• _What you need to do_:
The following data needs to be repeated exactly, with all images excluded.

• _Data excerpt_:
______
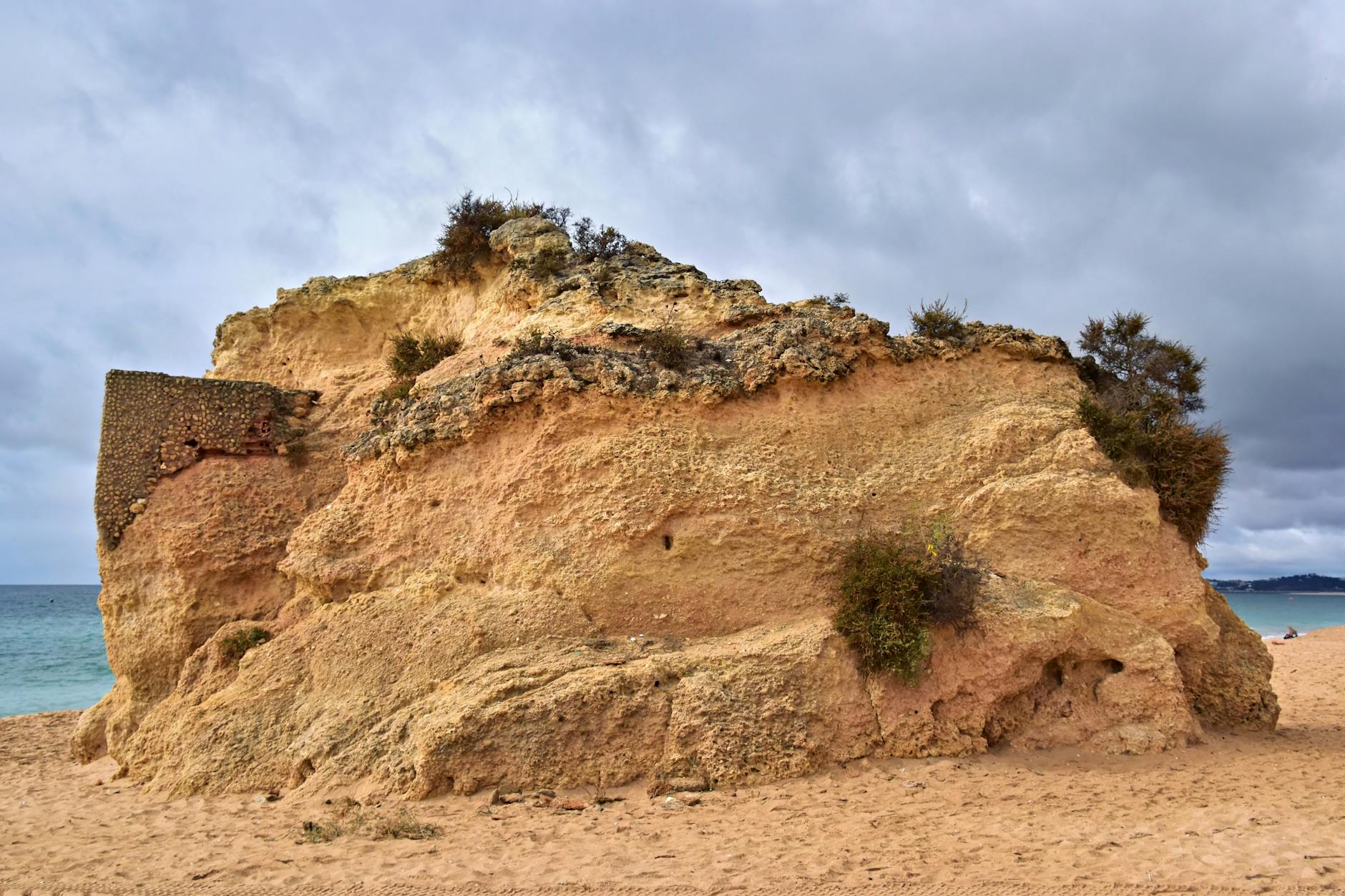 Algarve, Portugal - Eine ockerfarbene Felsformation mit Vegetation und einer steinernen Mauer an einem Sandstrand mit dem Meer im Hintergrund.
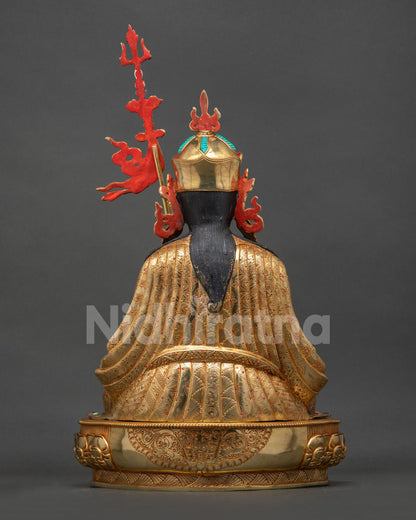 Guru Tsokye Dorje Statue back view, intricate repoussé robe, lotus pedestal and 24K gold gilding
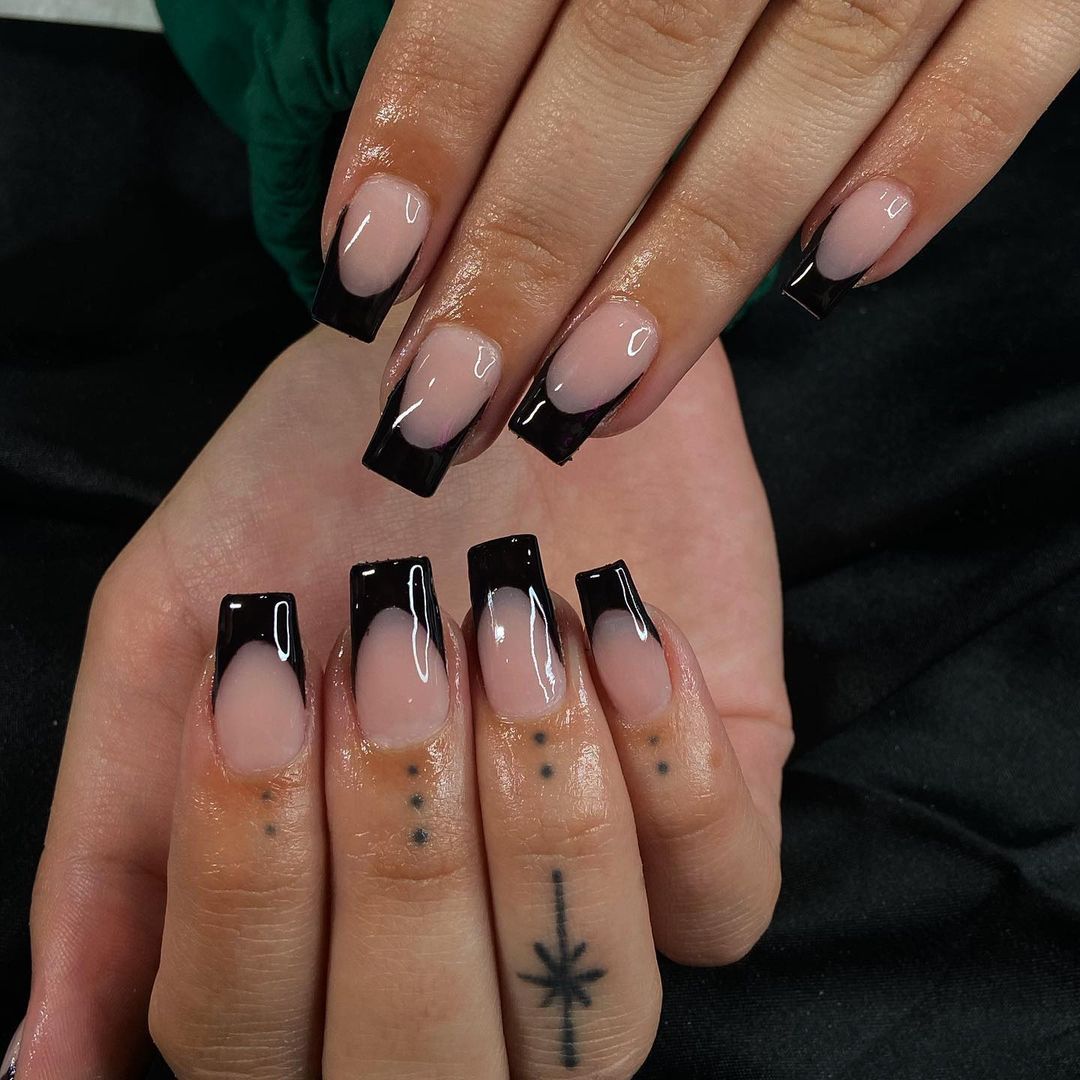 Close-up of a person's hands with nude, glossy, square-shaped nails, black French tips, dot tattoos, and star-like tattoo.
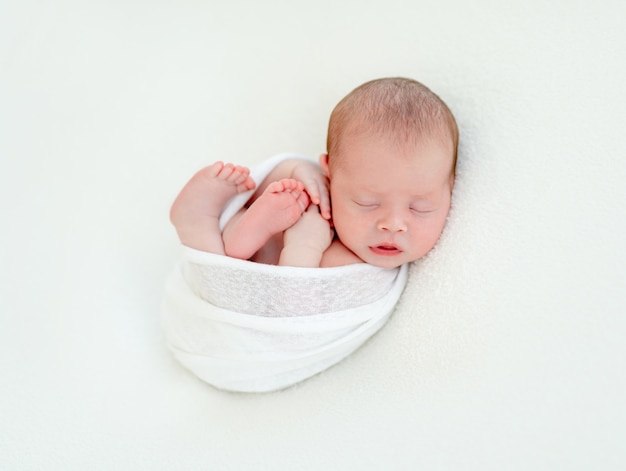 Cute newly arrived baby lying, wrapped in blanket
______
• _Task solution_:
 Algarve, Portugal - Eine ockerfarbene Felsformation mit Vegetation und einer steinernen Mauer an einem Sandstrand mit dem Meer im Hintergrund.
 Guru Tsokye Dorje Statue back view, intricate repoussé robe, lotus pedestal and 24K gold gilding
 Close-up of a person's hands with nude, glossy, square-shaped nails, black French tips, dot tattoos, and star-like tattoo.
 Cute newly arrived baby lying, wrapped in blanket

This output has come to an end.